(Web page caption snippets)
# # # #
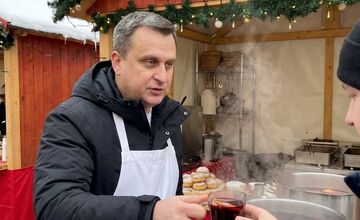 FOTO: Čo by predávali slovenskí politici na vianočných trhoch?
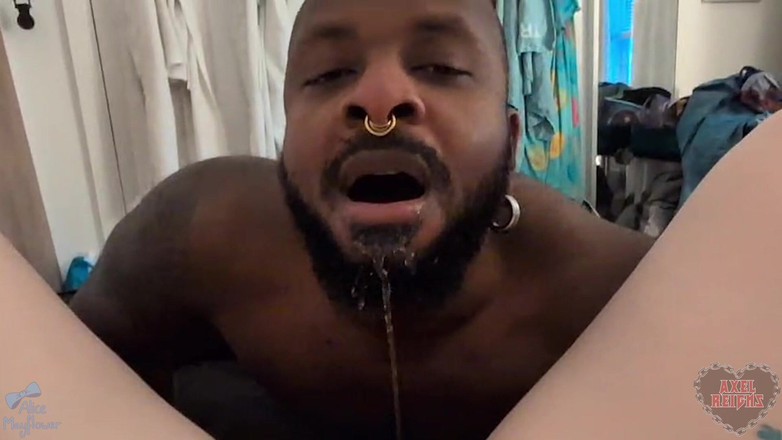 AxelReigns: Slurping bbw stříkání
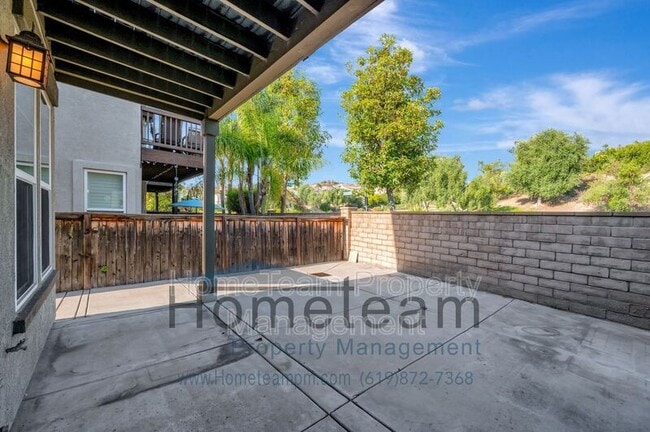 Building Photo - 263 Aventura Dr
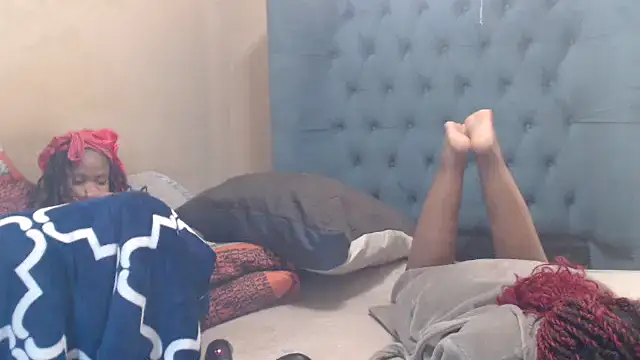 EbonyEssence small boobs private chat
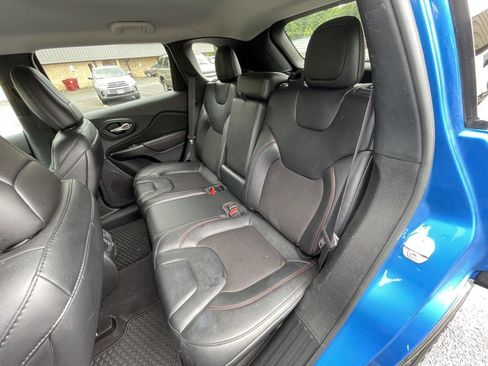 Used 2022 Jeep Cherokee Trailhawk w/ Sound & Nav Group AWD/4WD image 45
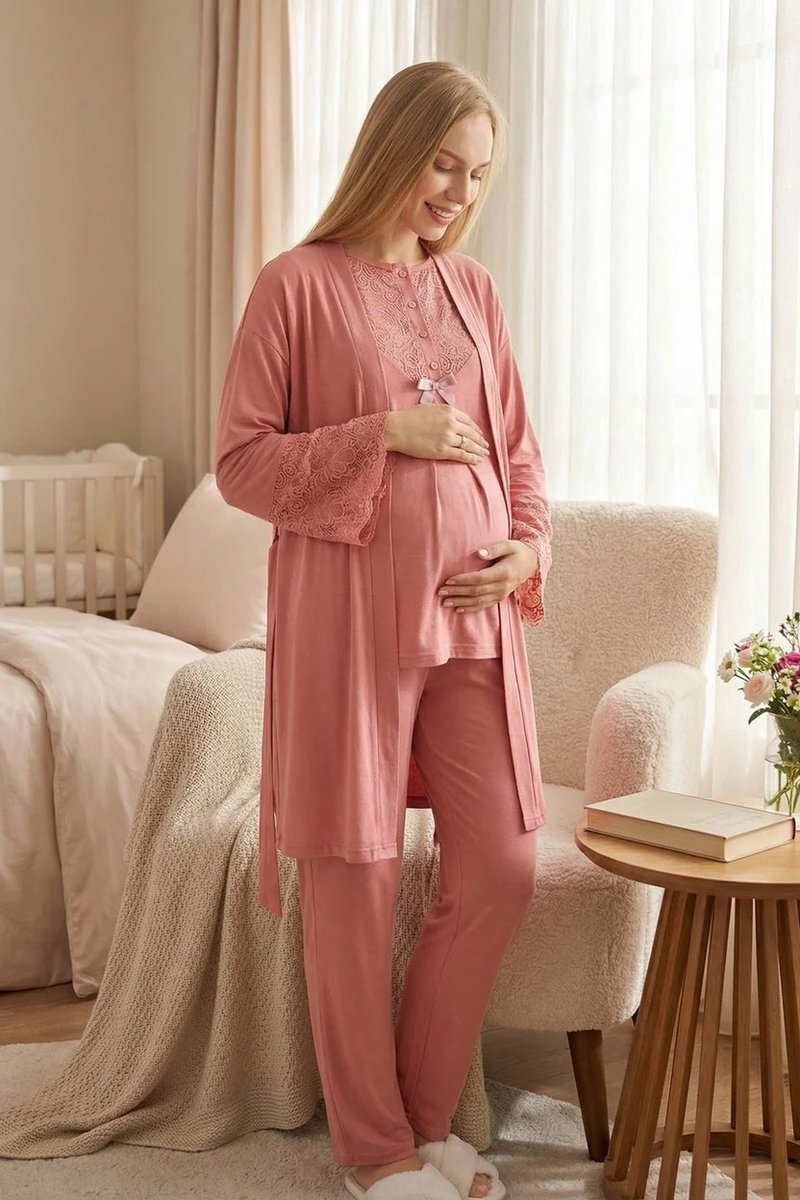 biggshopycom's tweet photo. Lace Collar 3-Piece Maternity Feeding-Friendly Pajama & Lace Sleeve Robe Set Pomegranate Red - Z3474
#biggshopy #pregnant #pregnancy #postpartum #maternity #nursing #grossesse #enceinte #schwangerschaft #mothers #baby #clothes #clothing
https://t.co/V6cKotp5Bj https://t.co/cJfuQnJ7mJ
# # # #
## EXERCISE OBJECTIVE:
Repeat each entry above word for word, leaving every picture out.

## WRITTEN SOLUTION:
 FOTO: Čo by predávali slovenskí politici na vianočných trhoch?
 AxelReigns: Slurping bbw stříkání
 Building Photo - 263 Aventura Dr
 EbonyEssence small boobs private chat
 Used 2022 Jeep Cherokee Trailhawk w/ Sound & Nav Group AWD/4WD image 45
 biggshopycom's tweet photo. Lace Collar 3-Piece Maternity Feeding-Friendly Pajama & Lace Sleeve Robe Set Pomegranate Red - Z3474
#biggshopy #pregnant #pregnancy #postpartum #maternity #nursing #grossesse #enceinte #schwangerschaft #mothers #baby #clothes #clothing
https://t.co/V6cKotp5Bj https://t.co/cJfuQnJ7mJ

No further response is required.